> _How to complete this task_: Line by line, transcribe the data below exactly and pass over the images.

> _Stored data_:

+ + +

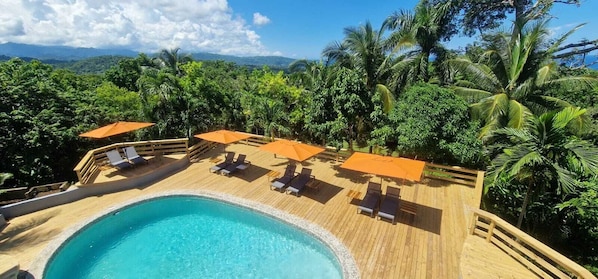 Outdoor pool - LF Jungle Retreat (Port Antonio)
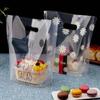Bolsas para Pan, Bolsas para Empaque de Postres, Bolsas de Plástico para Ensalada de Frutas, Bolsas para Hornear Ensaladas, Bolsas para Sushi, Mangas Pasteleras, Duraderas con Asas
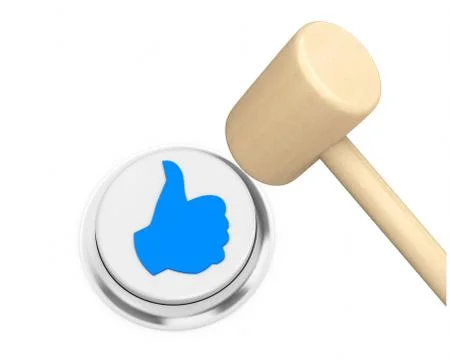 Push like 库存插图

+ + +

> _The answer_:
 Outdoor pool - LF Jungle Retreat (Port Antonio)
Bolsas para Pan, Bolsas para Empaque de Postres, Bolsas de Plástico para Ensalada de Frutas, Bolsas para Hornear Ensaladas, Bolsas para Sushi, Mangas Pasteleras, Duraderas con Asas
 Push like 库存插图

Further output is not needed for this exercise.